The goal of the Juvenile Court is to process petitions in a timely manner, taking into consideration the needs of victims, community and the youth and families we serve.
- Process petitions sent to the Court. These petitions can cover a variety of criminal and status offenses and can be handled on the consent calendar (informal handling of the case) or on probation (formal handling of the case).
- The prosecutor’s office determines the initial course of action taken with each petition. Court staff will meet with each juvenile and their family face to face and, either sign a consent calendar agreement with the court, or set a date with the court on the formal docket.
- If responsibility for the offense is denied, a pretrial conference will be scheduled or the matter will be set for adjudication.
- Cases not resolved at pretrial may be set for trial.
- Finding of guilt or plea of admission may result in temporary wardship (See Probation).
- Consent calendar agreements (informal processing) include conditions, such as community service, counseling, and costs to be paid, over the course of 30-90 days.

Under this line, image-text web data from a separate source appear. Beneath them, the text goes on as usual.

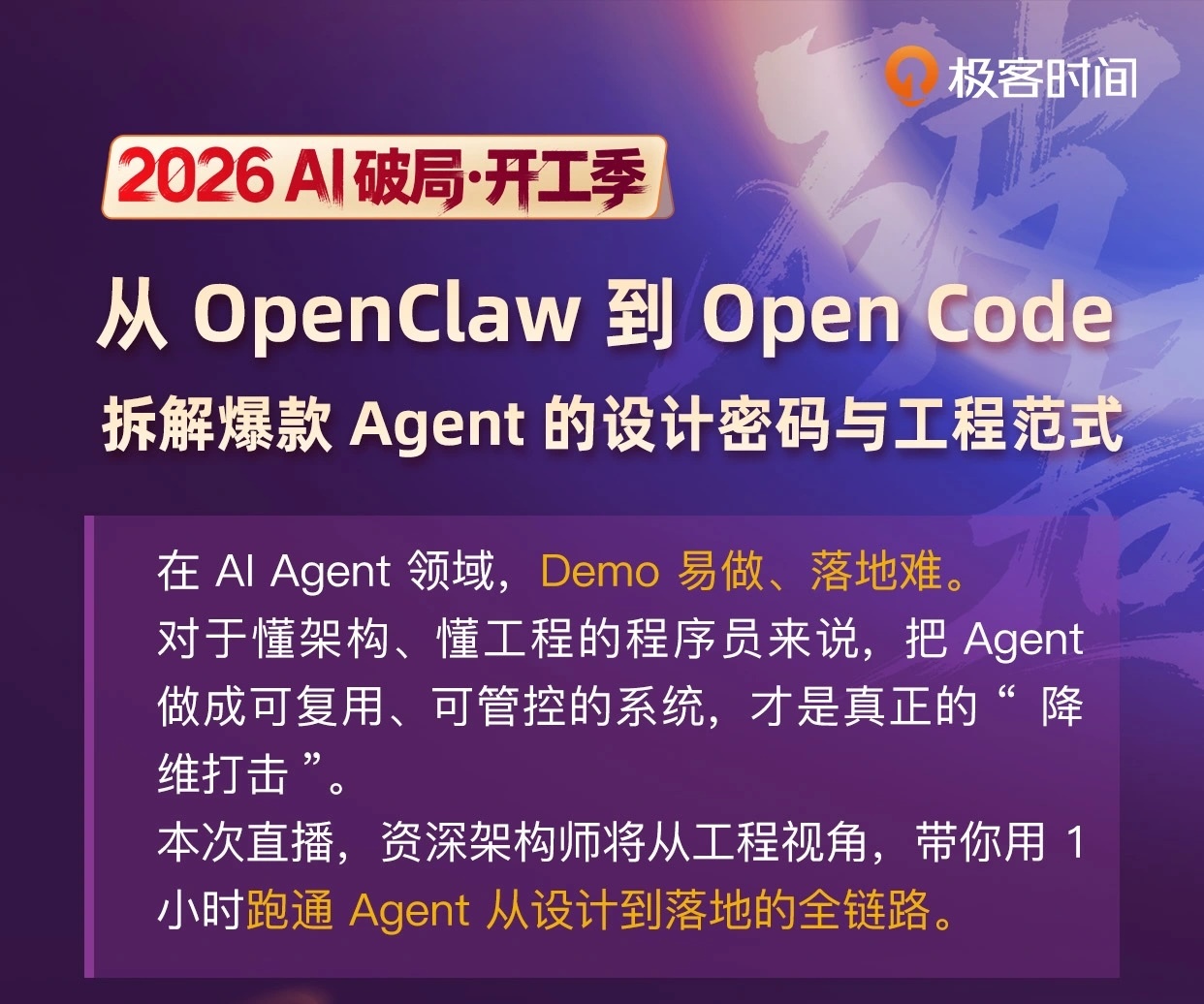 从 OpenClaw 到 Open Code：拆解爆款 Agent 的设计密码与工程范式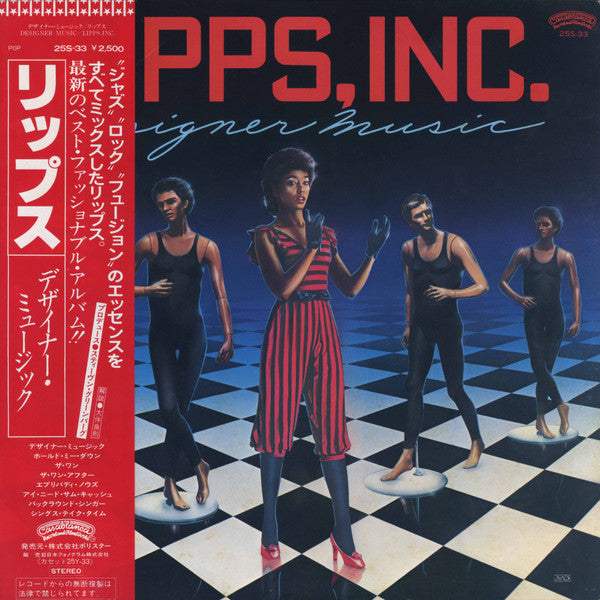 Lipps, Inc. - Designer Music (Vinyl, LP, Album, Stereo) Very Good Plus (VG+) / Very Good (VG)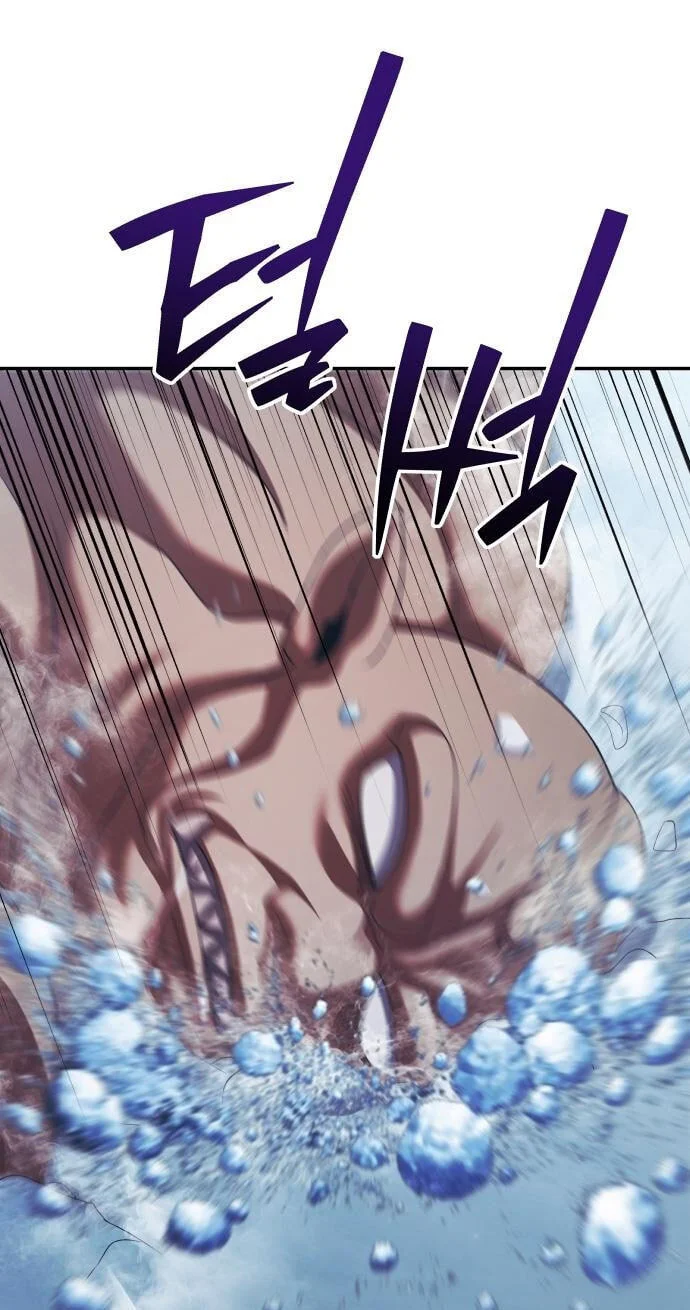 Monsters Fight Monsters Chapter 34 - halaman 130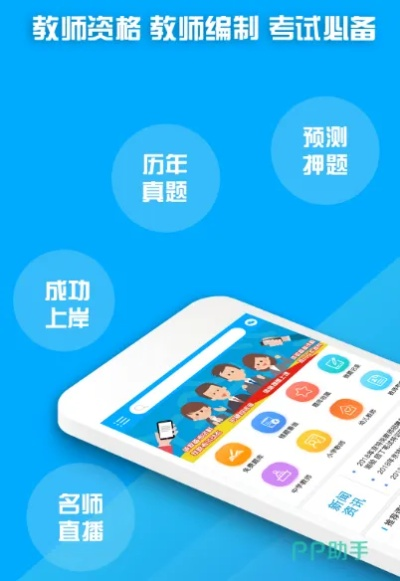 教师资格证的版本同毒霸官方下载,数据导向策略实施 网页版1_v2.164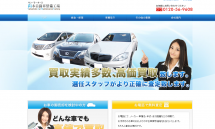 岡崎市の車高価買取・販売、自動車整備なら山本自動車整備工場にお任せください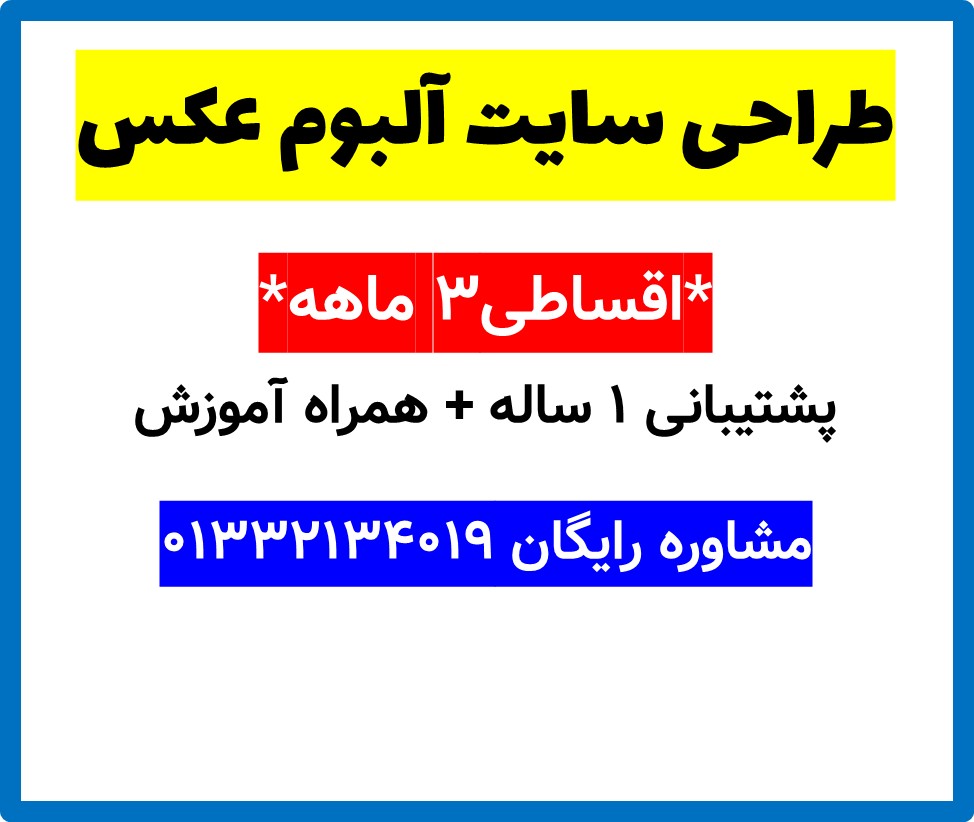 طراحی سایت آلبوم عکس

Upon successful completion of the agreement the juvenile will be discharged with no public record of the offense. If conditions are not completed the case can be escalated to the formal docket which may result in placement on probation.
- Consent calendar is typically used for, but is not limited to, first time offenders and less serious crimes.
- A juvenile placed on probation has made a “plea of admission” or been "found guilty" of committing a crime or a status offense.
- In order to determine the case plan a pre-dispositional (pre-sentence) investigation is completed by the Juvenile Court Officer. This includes administering the YLS (Youth Level of Service Inventory) risk assessment tool. The YLS helps determine the level of risk the juvenile poses to the community and which services can be put into place to lower the risk of reoffending.
- Juveniles placed on probation are given a specific set of terms and conditions to which they must adhere or complete before discharge from the court. These conditions may include: community service; attend school; submit to urinalysis, obey the lawful commands of parents, guardians or those in authority; curfew; fines and costs; restitution; counseling and other services or restrictions depending on the crime and needs of the juvenile and his or her family.
- The length of time on probation can vary between warn and dismiss to years, depending on the crime, needs of the juvenile/family, and continued risk level of the juvenile. The case will be reviewed by the court at least every six months.
- A Juvenile Court Officer will coordinate community-based services, ensure compliance with court orders, prepare written court reports for court hearings, make school and home contacts, modify case plans, and more. Probation meetings will be structured in the evidence based EPICS model (Effective Practices in Community Supervision).